Crónica

Mundial 2018


No me importa en qué meme se meta Maradona

Con la derrota de la selección, el representante argentino que queda en el mundial será, una vez más, Maradona. En Rusia se vio el Diego completo: el que estira el eh, el que baila, canta, grita, salta, putea, revolea, contorsiona hasta el desmayo. De la iluminación celestial en San Petersburgo a la versión moderada contra Francia. Análisis del mundial maradoniano.

Texto publicado el 2 de julio de 2018

Maradona abre bien ancho los brazos y mira al cielo en un gesto del Cristo que parece erguir su propio monumento. Un único haz de sol se filtra entre las nubes de San Petersburgo y le rebota en el pecho magnánimo, inflado, todo iluminado; mientras unos brazos lo sostienen por la cintura. Temen que la esfinge más grande y pesada del fútbol argentino se derrumbe delante de los miles de hinchas que la observan fascinados desde los distintos rincones del estadio. La imagen se replica también ahora por millones en las pantallas, ajenas por ese instante al campo de juego y a lo que ahí va a dirimirse: nada menos que el futuro de la selección argentina en el mundial de Rusia. Alejado de la pelota, pero en el epicentro mismo del show, Diego juega su partido con una coreografía exacerbada: baila, canta, grita, salta, putea, revolea, contorsiona hasta el desmayo. Mientras el tótem de carne y hueso se tambalea en la tribuna, lejos de extinguirse, su figura se multiplica en un tsunami de memes donde ahora es Gokú, Mumra, la momia de Titanes en el Ring, El Grito de Munch o Rose, la protagonista de Titanic. En el éter de la virtualidad, a Maradona lo matan y resucitan con singular devoción. Lo aman. Lo odian. Lo extrañan. Todos le piden todavía más.

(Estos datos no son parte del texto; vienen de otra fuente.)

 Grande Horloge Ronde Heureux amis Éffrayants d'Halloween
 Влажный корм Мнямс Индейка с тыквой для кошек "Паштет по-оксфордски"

Maradona ha vuelto. De nuevo ha sido protagonista de un mundial. No ya corriendo con la pelota en los pies, sino con su exaltado histrionismo tribunero. En el partido contra Nigeria, cuando la selección argentina se jugaba la última carta para pasar a octavos de final, Diego asumió una especie de liderazgo espiritual desde su palco en el estadio Krestovski. Como en sus mejores tiempos de capitán, cargó con toda la presión sobre sus vetustas espaldas y pareció decirles a los jugadores: “muchachos, ustedes jueguen que de los memes me encargo yo”. Y así fue. Con el gol agónico de Marcos Rojo y la supervivencia momentánea de ese equipo a la deriva, las parodias fueron todas para él. Generó furor en las redes y encanto en la tribuna. Para entender el magnetismo que Maradona continúa despertando en tantos hay que trascender el campo de juego y abrazarse a ese hombre desbordado; siempre en la cornisa del escenario en el que parece haberlo colocado la idolatría popular.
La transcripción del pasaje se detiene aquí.